MANUEL BENAVIDES, Chihuahua, Mexico -- Mexico swears in a new president on Saturday. And the hope is Enrique Peña Nieto will be able to boost the economy and stabilize security. Both might be achieved if the nation ends its war on the drug cartels. In northern Chihuahua, citizens explain their hopes for a new government and their yearning to live without terror.
The people are friendly and welcoming in the remote village of Manuel Benavides, a beautiful place near the U.S.-Mexico border but about two hours southeast of Presidio, Texas.
But everyone’s terrified. No one wants to speak. Like much of Chihuahua, like much of Mexico, the truth is elusive, opaque and silence is the best policy.
The old is becoming becomes new again. The PRI returns to power after a 12-year absence. The village of Manuel Benavides was once a warehouse for Pablo Acosta, the drug lord who ruled this part of northern Mexico with a brutally iron fist until he was killed by Mexican federales. Cartels still are the ultimate power here, their money corroding any semblance of a government by and for the people.
That said, people here do not like former President Felipe Calderon. He defended his strategy to confront the cartels with force.
Calderon’s decision will be judged by history. Against the backdrop of traumatizing violence fueled by the American appetite for drugs, people expect the PRI -- which ruled for 71 years until 2000 -- will leverage its documented connections to the cartels in the past to forge an unspoken peace deal today.

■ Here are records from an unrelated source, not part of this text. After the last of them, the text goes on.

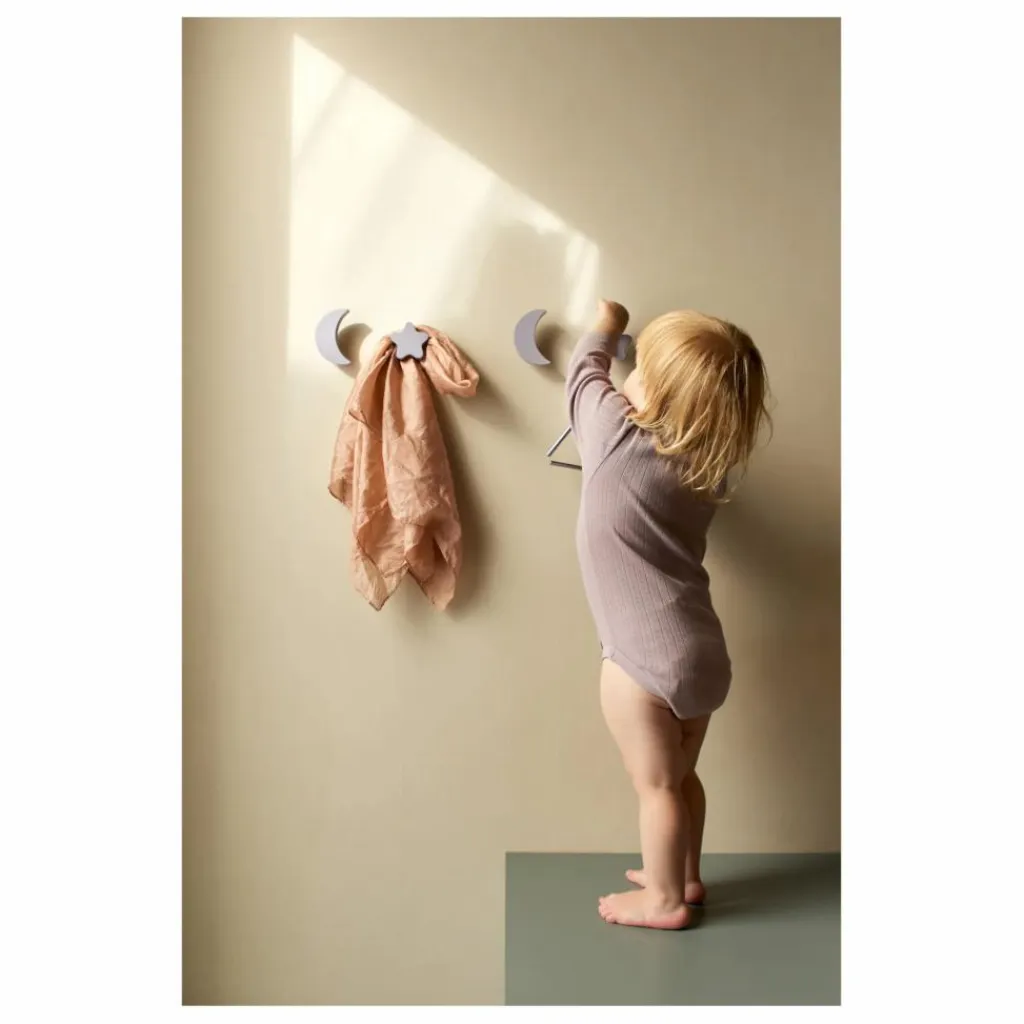 Patères Stars & Moons - Lot de 4 | Lilas Enfant Patères, Paniers Enfant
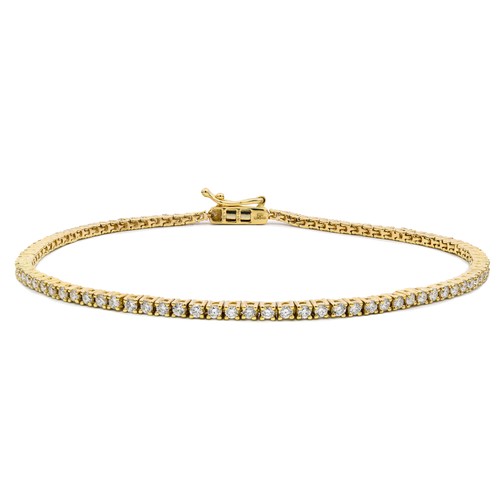 766 - An 18K Yellow Gold Tennis Bracelet, featuring Round Cut Lab-Grown Diamond on Claw Set. Total diamond... 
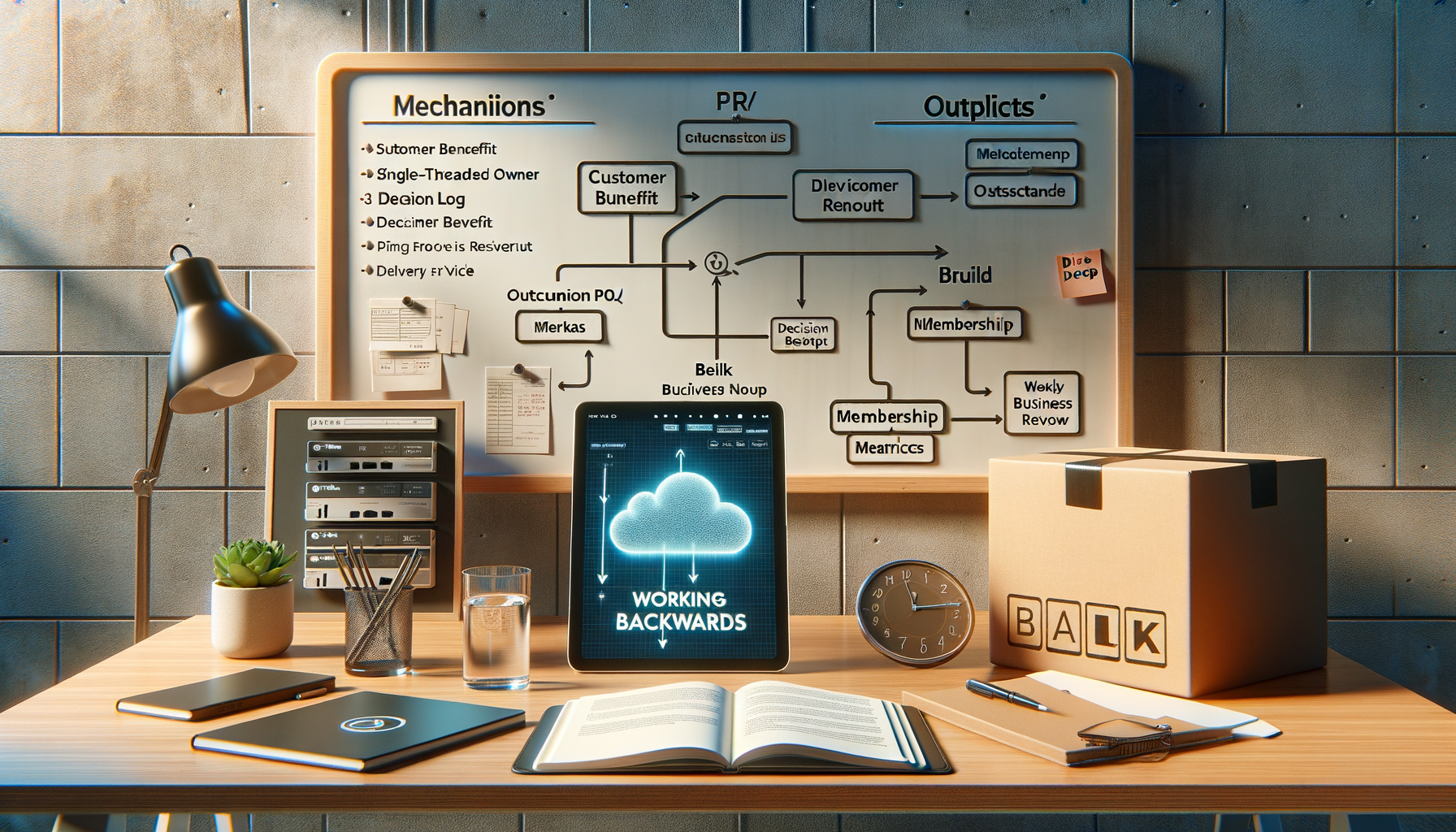 Modern office desk setup with a tablet showing a cloud icon and the words 'Working Backwards', in front of a large whiteboard flowchart; includes notebook, open book, lamp, clock, pen cup, plant, and shipping box.
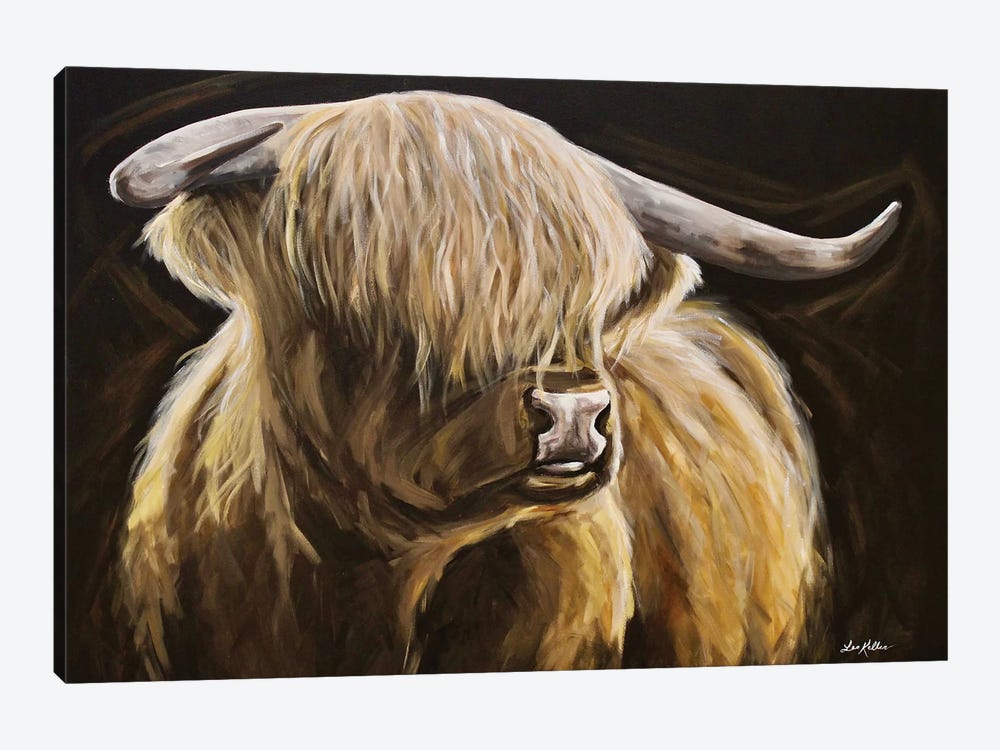 Clyde The Highland Cow by Hippie Hound Studios 1-piece Canvas Artwork
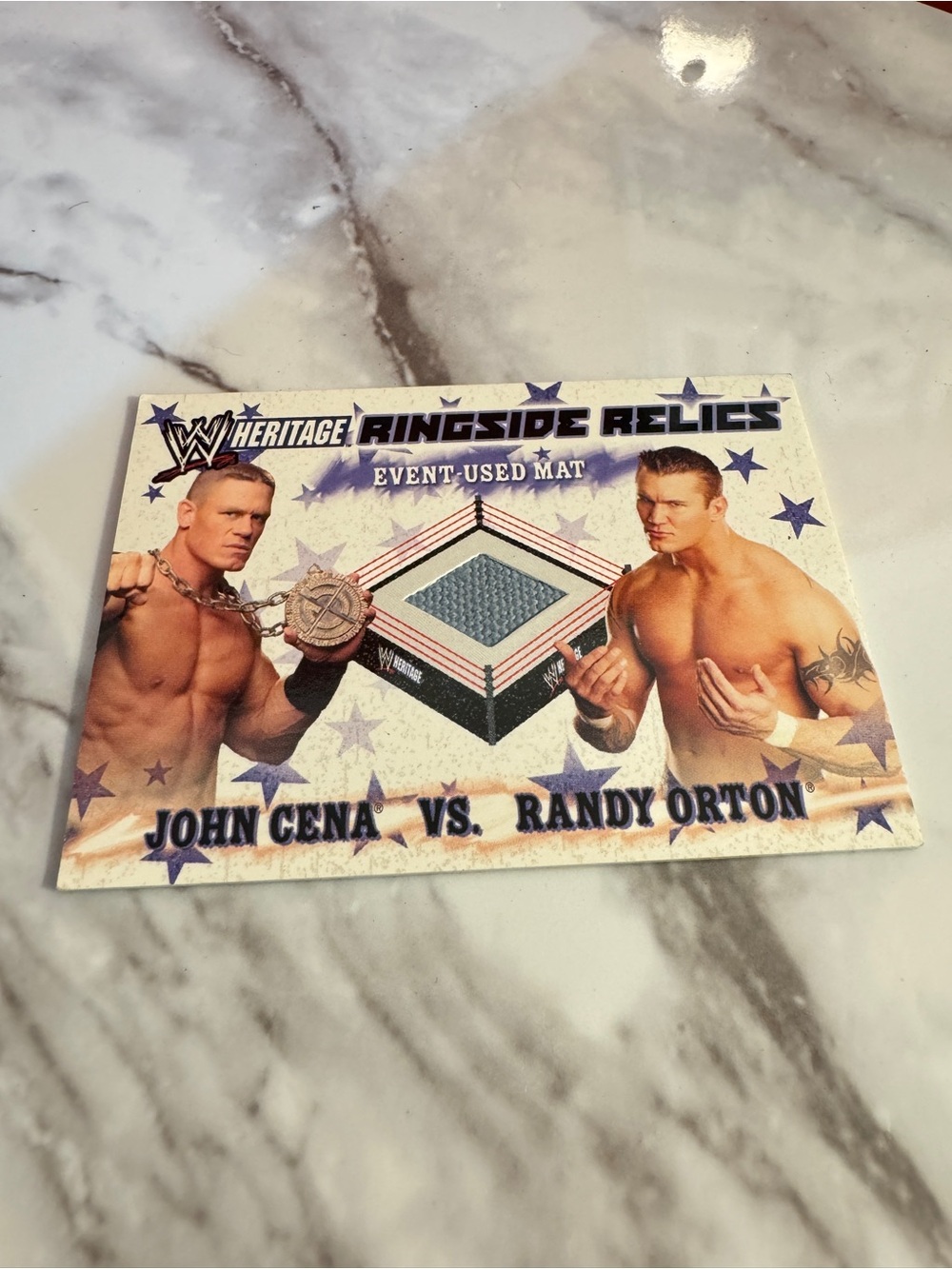 WWE Heritage Ringside Relics Card John Cena Randy Orton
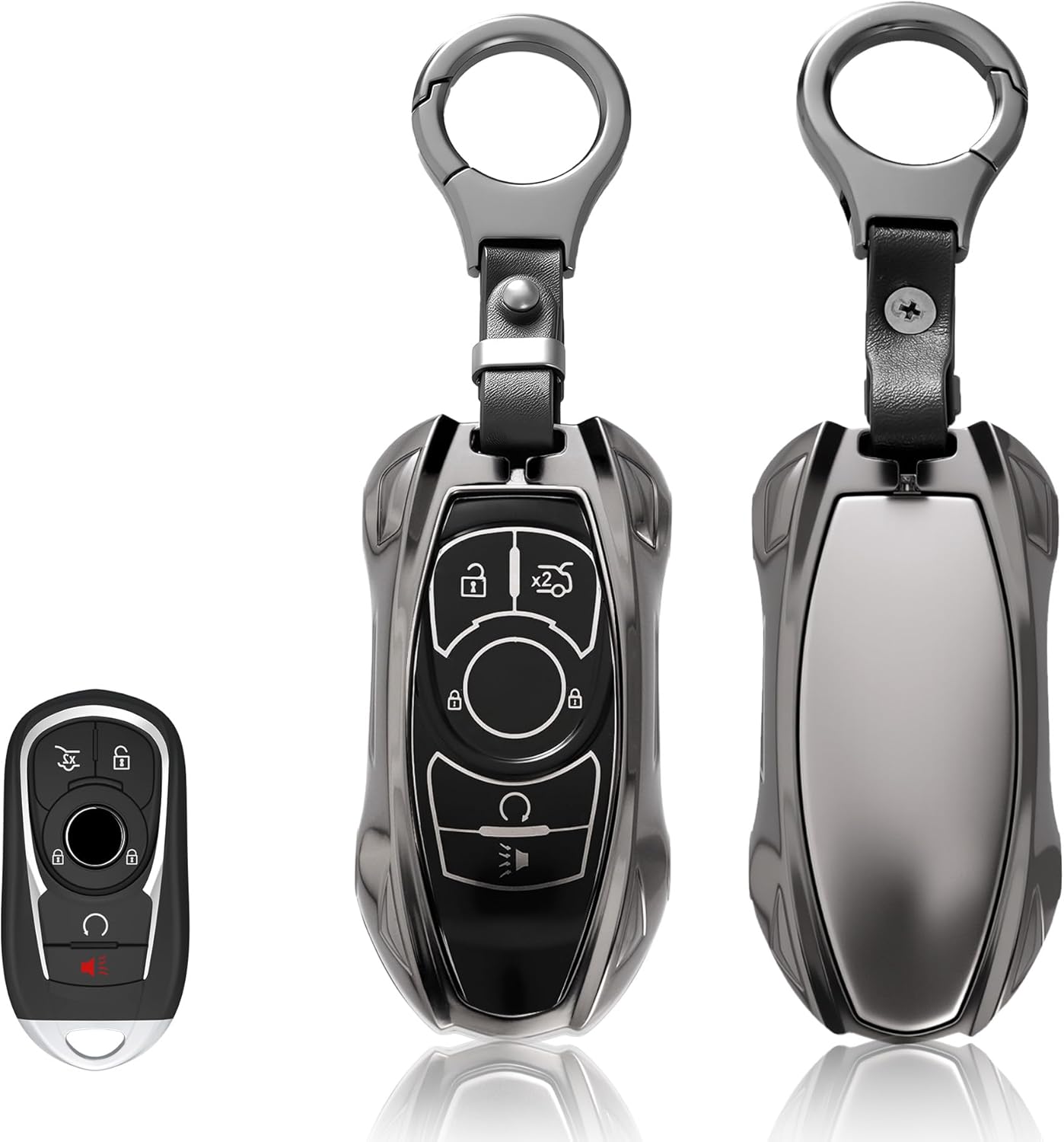 Heavy Zinc Alloy Metal Key Fob Cover Compatible with Buick Enclave Encore Envision GL8 Lacrosse Regal Verano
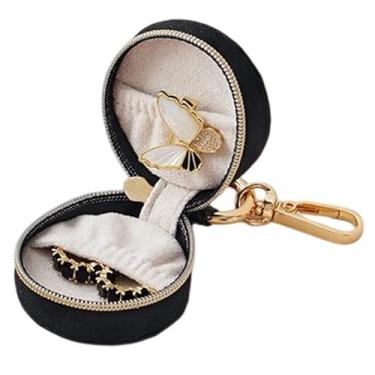 Imagem de Porta-joias, porta-joias, suporte de anel de viagem, bolsa organizadora com caixa de fecho de zíper para mochila, mulheres, meninas, esportes, academia, carro, trabalho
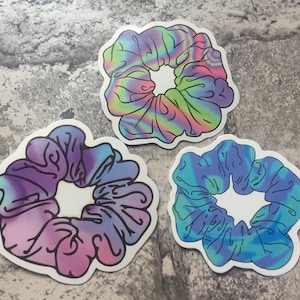Autocollants chouchous, effet tie-dye arc-en-ciel, aquarelle pastel rose bleu, décalcomanies de scrapbooking pour bagages d'ordinateur portable, rembourrage de bas de Noël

Inside a cantina, norteño music blares and people are deep in conversation. It’s a motley group; ranchers, two men who say they’ve spent time in U.S. prisons for smuggling heroin and a bilingual police officer who looks forward to the PRI’s return.
“I think they will talk to the cartels to see if they can settle this, see what happens."
"Is that a good thing?"
"Yes."
I met one man who like many here just doesn’t trust politicians. But he says when it comes to managing violence, the PRI is much better positioned than any other party.
"They’re going to control things. They have the experience," he said.
I met with Jorge Casteñeda in Mexico City. He’s a former Secretary of Foreign Relations who opposed Calderon’s decision to go to war.
“He doesn’t have a definition of victory. Is it ‘no more drugs, drugs going through somewhere else to the United States, fewer drugs, a new modus vivendi with the drug cartels. And I see no exit strategy. How do you get out of this once you’re in it?" Casteñeda asked.
An important Chihuahua politician who would only speak if I left my recording gear outside his home said, "After politics is finished, I want to be alive."
They, meaning the PRI, won’t eliminate it, the politician said, but they’ll manage it.
Howard Campbell is a Mexico security expert at the University of Texas at El Paso, the author of “Drug War Zone: Frontline Dispatches from the Streets of El Paso and Juarez.”
“The PRI has proven in the past proved to be very adept at cutting deals with drug cartels and other criminal groups to have them stick to their activity but not to commit homicide in public," Campbell said. "So I think there is some hope that the violence and homicide rate in Mexico will go down.”
Today the village of Manuel Benavides yearns for the good old bad days when the PRI’s political monopoly gave them the power to divide the country into territories and make sure violence was controlled. That monopoly is dead; Mexico is now a multiparty nation.
But history speaks. And citizens seem willing to tolerate the potential for corruption if the PRI can leverage its connections to cartels.